Moet er dan niets gebeuren? Natuurlijk moet er wel iets gebeuren. Ik heb in eerste termijn al aangegeven dat wij er constructief in staan. Zeker de werkwijze van het parlement moet voortdurend onder de loep worden genomen. Ik heb in eerste termijn een voorstel gedaan om praktisch te kunnen blijven met elkaar. Door verschillende woordvoerders is hier gezegd dat binnen de bestaande kaders ook al heel wat kan worden verbeterd en opgepakt. We zijn ook zelf aan zet als het gaat om een aantal vraagstukken op het terrein van het verder verbeteren van onze parlementaire werkwijze. Zou het dan ook geen goed idee zijn om daar verder mee te gaan en iets van een commissie te hebben? In het verleden hebben we ook wel eens een tijdelijke commissie gehad die naar dingen keek. Het lijkt mij goed dat een commissie onze werkwijze onder de loep neemt, eventueel ook in het licht van aanbevelingen die gedaan zijn in de vele rapporten die al genoemd zijn. Ik denk dan concreet aan het nadenken over bijvoorbeeld de vraag wat de extra dimensie van Europese wetgeving betekent voor de werkwijze van de Eerste Kamer, voor de werkwijze van een parlement dat altijd toegesneden is geweest op het behandelen van nationale wetgeving.

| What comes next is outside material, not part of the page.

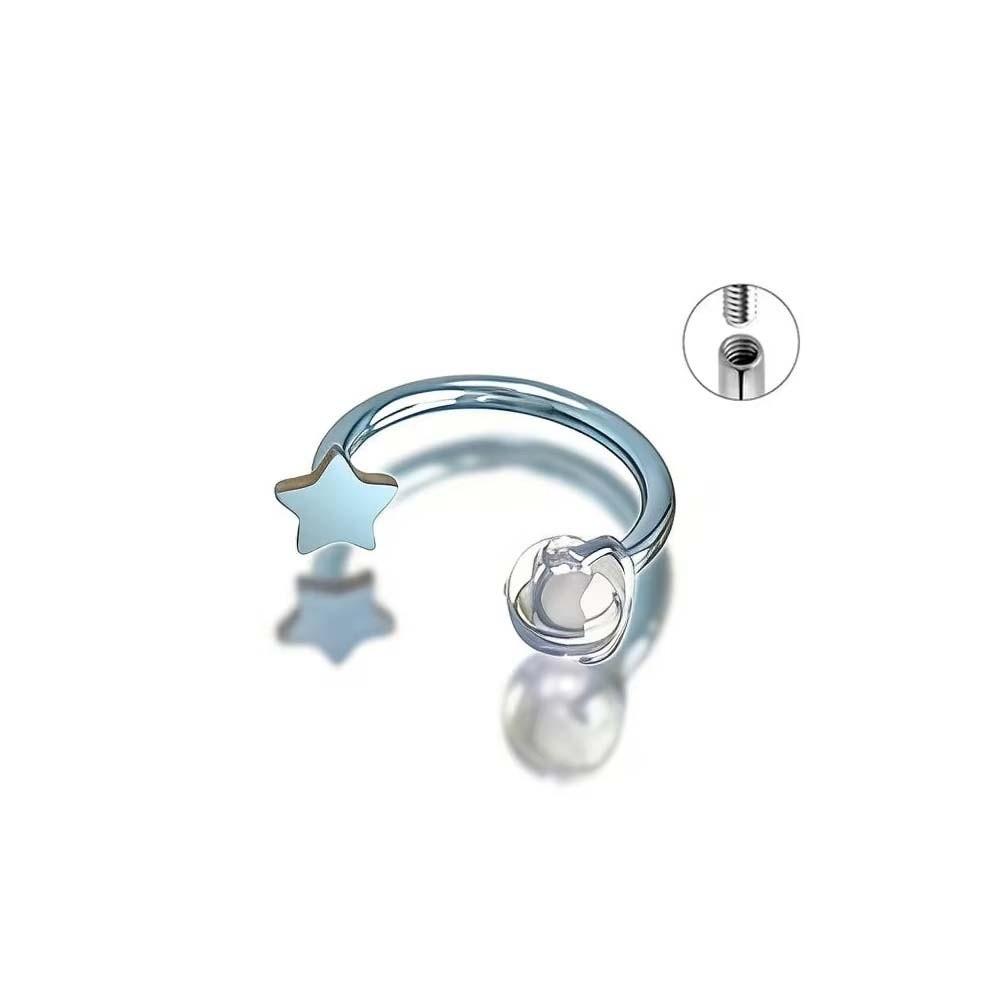 Internally Threaded Star Cartilage Earring ASTM F136 Titanium Belly Button Hoop Y2K Aesthetic Style 3
Internally Threaded Star Cartilage Earring ASTM F136 Titanium Belly Button Hoop Y2K Aesthetic Style 3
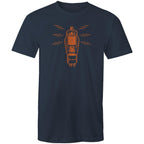 Vintage Tube Valve, Guitar Amp Vacuum Tube - Mens T-Shirt Navy Mens T-shirt Music Printed In Australia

Een ander punt heeft betrekking op het voorstel van de heer De Graaf; we hebben eigenlijk nog geen gelegenheid gehad om daarover uitgebreid te spreken vandaag. Wat betekent het eigenlijk dat we hier zeggen dat de handhaafbaarheid en uitvoerbaarheid van wetgeving belangrijk is in het kader van de kwaliteit van wetgeving, terwijl we onszelf eigenlijk geen instrumenten in handen geven om dat te toetsen? Met andere woorden: hoe weten we nou dat wetgeving handhaafbaar en uitvoerbaar is? Dat kunnen we niet toetsen terwijl we wel de laatste instantie zijn die nog eens naar een wetsvoorstel kijkt.

Ook worden er voortdurend voorstellen gedaan of gedachten geuit over het optimaliseren van het wetgevingsproces en de procesbewaking. Je hoort wel eens de klacht dat wetten hier soms zo laat komen dat we daarom zo weinig tijd hebben om ze zorgvuldig te behandelen en we aan reflectie over die wetten al helemaal niet meer toekomen.

Ik denk verder aan bepaalde vormen van onderzoek die wij zouden kunnen toevoegen aan ons parlementaire instrumentarium. Ik zou het wel goed vinden als we dat ter hand zouden nemen in de vorm van een commissie, eventueel in samenspraak met de Tweede Kamer, maar in ieder geval voor onszelf hier in dit huis. Ik zou het fijn vinden als collega's zich in de loop van het debat over dit idee uitspreken. Dan zou ik het graag in het College van Senioren willen inbrengen.